----- Records provided

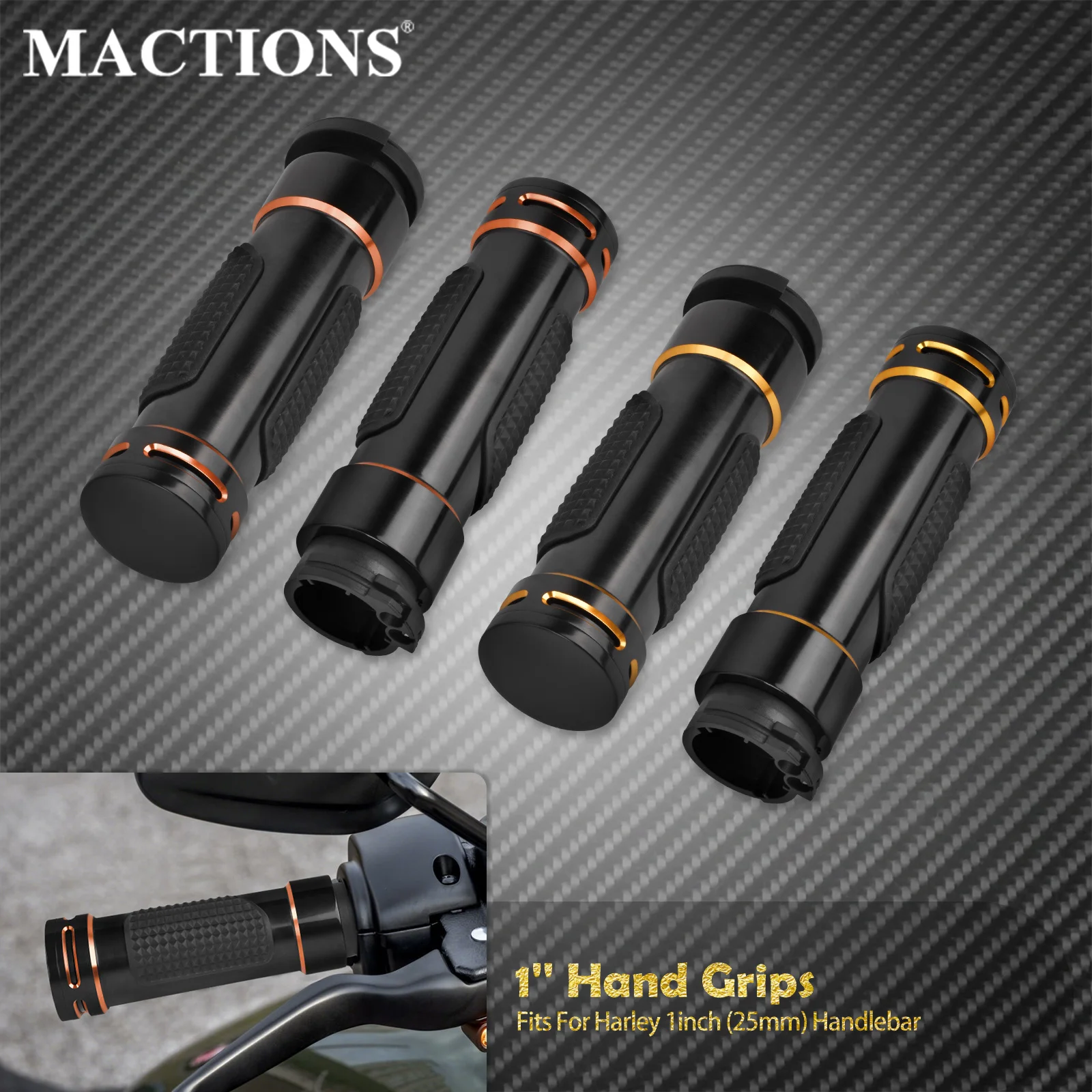 Motorcycle 1" Hand Grips 25mm Handlebar Grip For Harley Dyna 96-17 Sportster XL 96-22 Touring Street Electra Glide Softail FLST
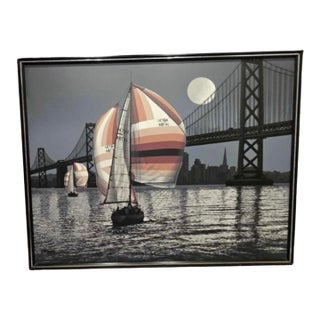 Vintage Monumental Rare Letterman Sailboat Dusk Sfo Framed Realism Nautical Painting For Sale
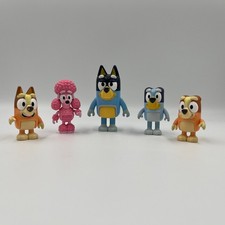 Bluey Lot of 5 Figures - Bluey, Bingo, Bandit 2 , Coco Great for Cake Toppers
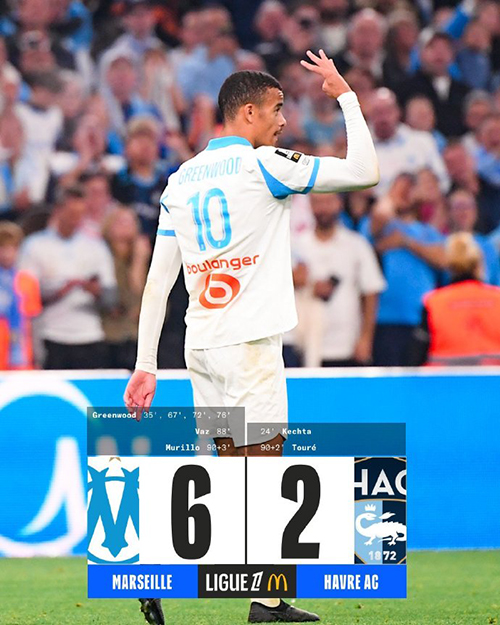 格林伍德大四喜!马赛6-2血洗勒阿弗尔登顶法甲榜首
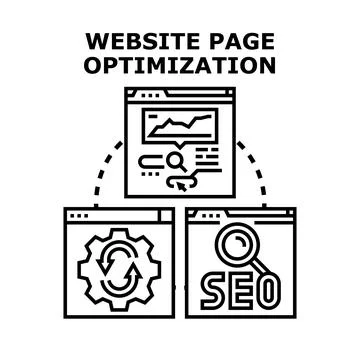 Website page optimization improving online search engine results 스톡 일러스트
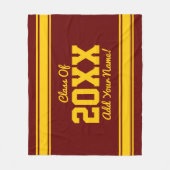 Maroon Gold personalisierten Grad Jahr Streifen Fleecedecke (Vorderseite)
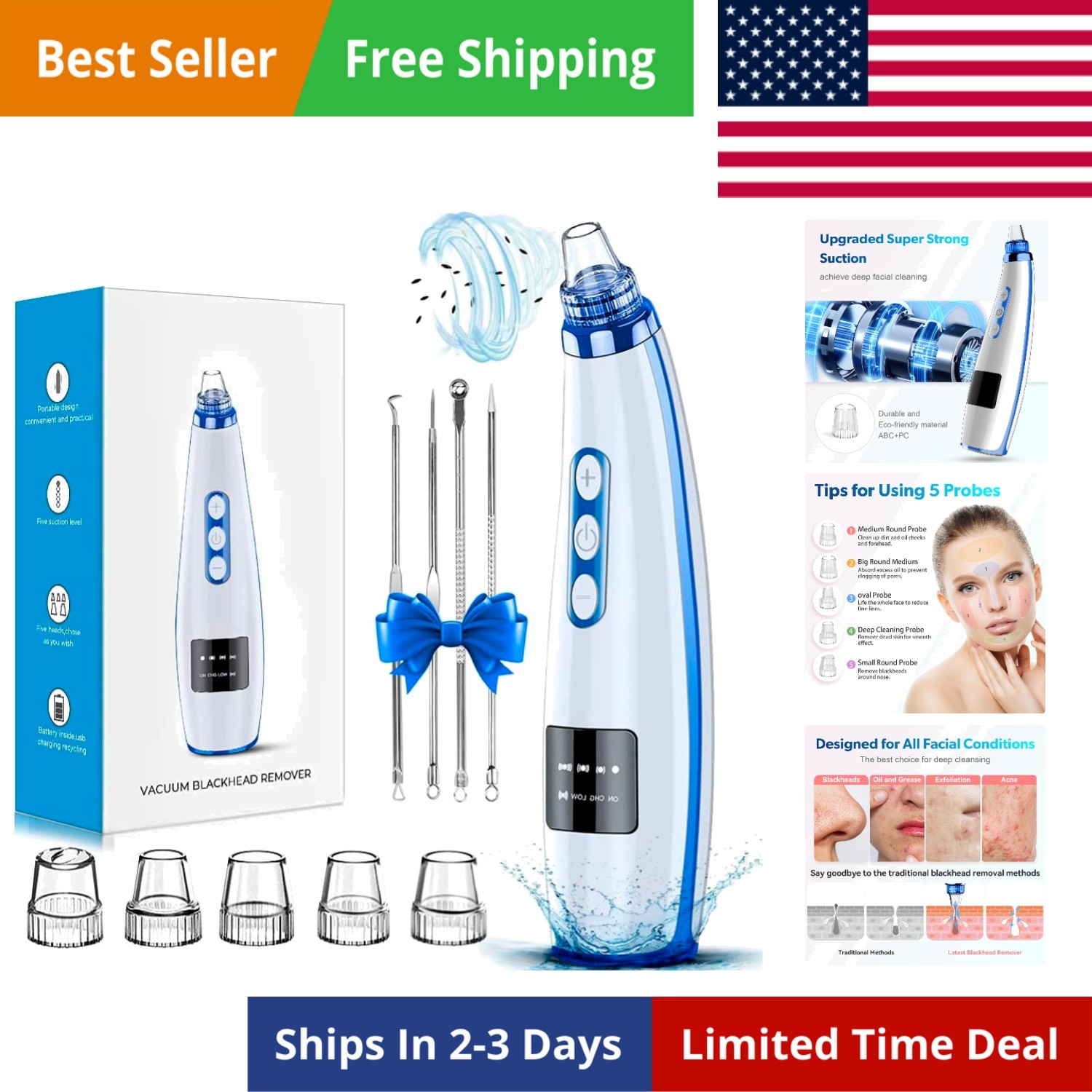 Blackhead Remover Pore Vacuum Upgraded Facial Pore Cleaner Electric Comedone …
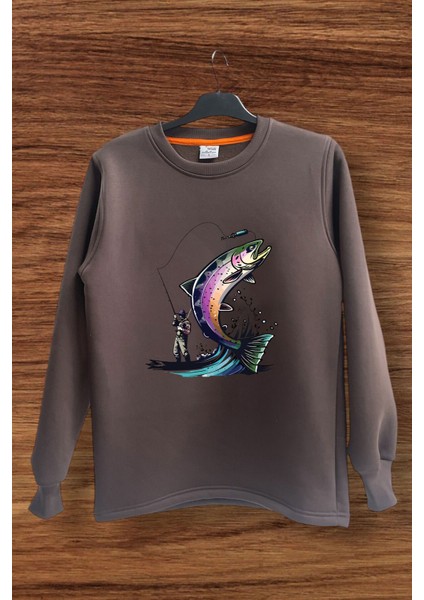 Hunter Avcılık Balıkçılık Alabalık Baskılı Regular Fit %100 Pamuk Bisiklet Yaka Sweatshirt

----------

## What to work on
Once the line containing "Blackhead Remover Pore" is found, copy it and each line after it through the end of the entries above exactly; nothing else, and no pictures.

## Task answer
 Blackhead Remover Pore Vacuum Upgraded Facial Pore Cleaner Electric Comedone …
 Hunter Avcılık Balıkçılık Alabalık Baskılı Regular Fit %100 Pamuk Bisiklet Yaka Sweatshirt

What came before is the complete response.